Not now. Not tomorrow.
That thought calmed me, and I fell asleep straightaway.
When the morning came I walked on relatively steady legs to department 4 in the hospital, which was part of section K. On the lower ground floor were the nursing center, the pharmacy, massage therapists, the podiatry and physical therapy clinics, a hairdresser, restrooms, and the elevators to different departments. Department 4 was on the fourth floor. My room—to my surprise I had a single room—had a window looking out over the Atrium Walkway, and through the glass walls I could look down over Monet’s garden.
This was the first window I had seen in the unit, and I stood there entranced, gazing down at the people moving about in the Atrium Walkway, some walking, some jogging. And I looked up and gazed out through the glass wall and across the pond, at the bridges with their rose arbors and at the wisteria, the copper beech, the weeping willow, the bamboo grove and the narrow paths where people were walking. I recognized Lena by her short, tousled white hair. She was moving quickly, loose-limbed, she looked like a little troll in a hurry. She stopped and exchanged a few words with someone I didn’t recognize who was sitting on a bench by the pond reading a newspaper.
“Dorrit Weger?” I turned around; a nurse in white pants and a light blue shirt was standing in the doorway.
“I’m Nurse Ann,” she said, coming into the room and shaking my hand. “I’m the head of department here on 4.”

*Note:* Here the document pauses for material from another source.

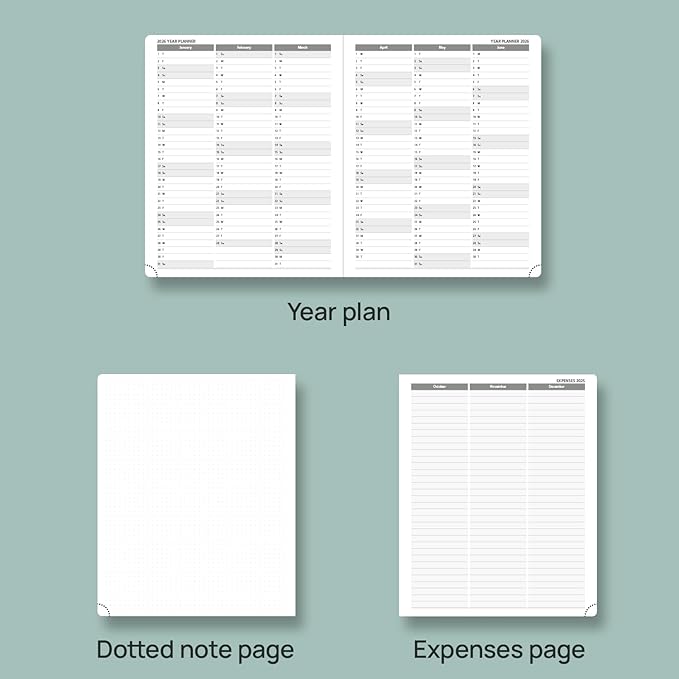 POPRUN Planner 2025-2026, (Large 8.5'' x 10.5'' Hard Cover) Academic Calendar (July 25-June 26) Daily Weekly and Monthly Appointment Book with Hourly Time Slots, Monthly Tabs, 100 GSM - Midnight Green
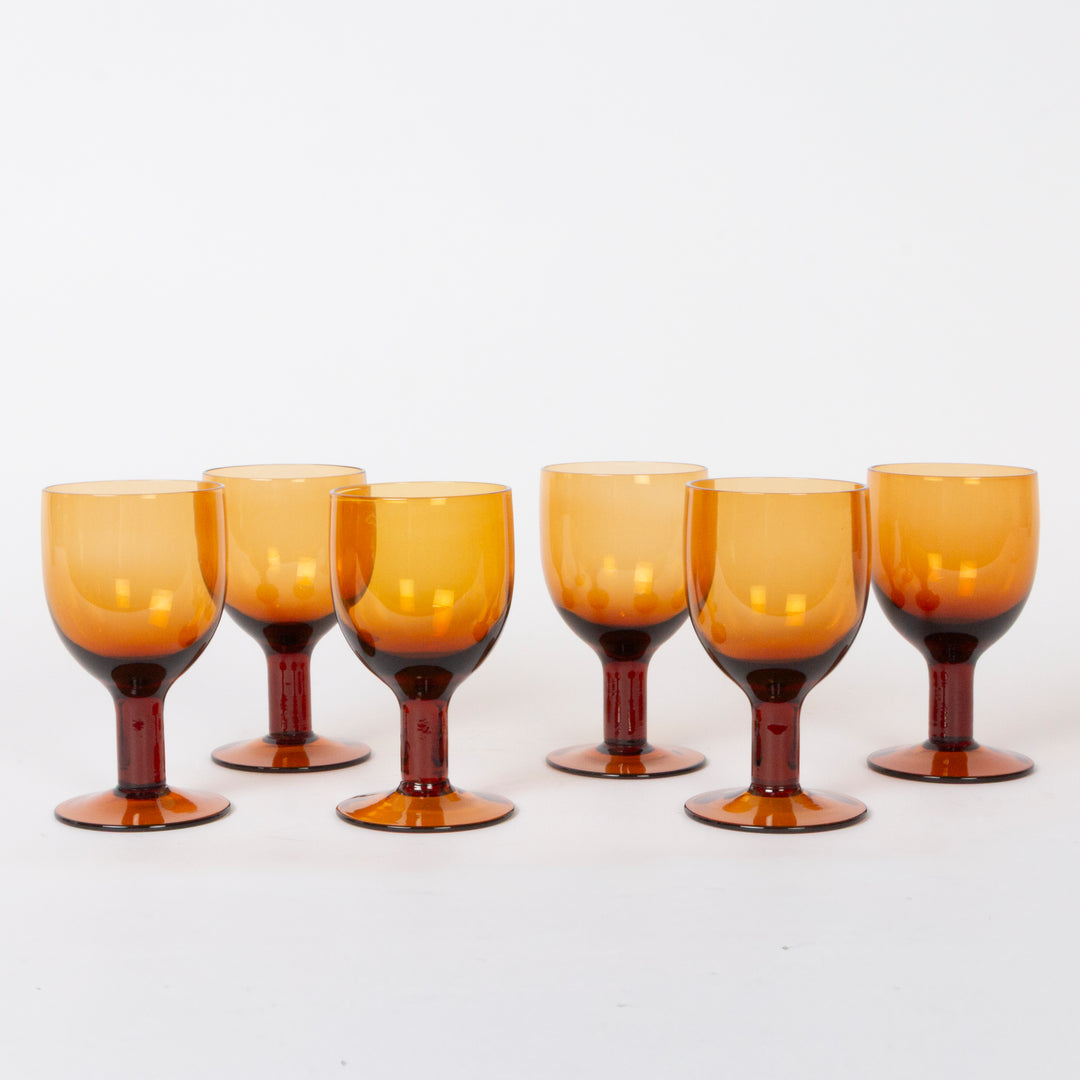 Set of 6 Vintage Amber Goblets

Nurse Ann started to tell me about what was going to happen and what I had to do over the next few hours: take a shower using Hibiscrub, put on a hospital gown, have a sedative injection, be taken down to the operating room on level K1 on a gurney, be anesthetized.

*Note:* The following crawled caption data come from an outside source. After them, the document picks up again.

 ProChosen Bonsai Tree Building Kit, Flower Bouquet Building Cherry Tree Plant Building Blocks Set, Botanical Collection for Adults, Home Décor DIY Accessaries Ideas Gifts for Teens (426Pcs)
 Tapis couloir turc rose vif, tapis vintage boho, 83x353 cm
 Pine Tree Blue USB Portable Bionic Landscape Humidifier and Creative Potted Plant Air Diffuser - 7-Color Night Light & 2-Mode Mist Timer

The operation went well. I came to, felt sick, and threw up via a tube in my nose. It was disgusting, but at least I was alive. The young medical student had received my kidney, and things seemed to be going well there too, I heard. After just a few days I was discharged. Johannes came to pick me up with flowers and a box of chocolates; he took me home and looked after me, cooked for me and served up my meals, made coffee and tea and fed me chocolates. He even read aloud to me: Somerset Maugham’s short story “The Ant and the Grasshopper,” among other things.
I needed a little while to recuperate, but I was strong and was soon more or less back to normal: working on my novel, going for walks, swimming and going to the sauna—the last often with Elsa and Alice, who had both recently had surgery as well. Elsa had donated part of her liver, Alice had donated a kidney, just like me.
“If I’d known what a relatively simple procedure it was,” said Alice one afternoon when all three of us were sitting in the sauna, she and Elsa in opposite corners of the top bench and me on the middle level below Elsa, “I might well have considered donating a kidney voluntarily, just like that, out in the community.”
“Would you?” said Elsa, sounding really surprised. “To some needed stuck-up bitch with five splendid kids and a job that supports economic growth? Voluntarily? Are you serious?”
“Yes, but of course it wouldn’t have gone to somebody like that! Then again, why not? Everyone has the right to live. Even stuck-up bitches.”
“Oh yes?” said Elsa. “That’s what you think, is it? How noble!”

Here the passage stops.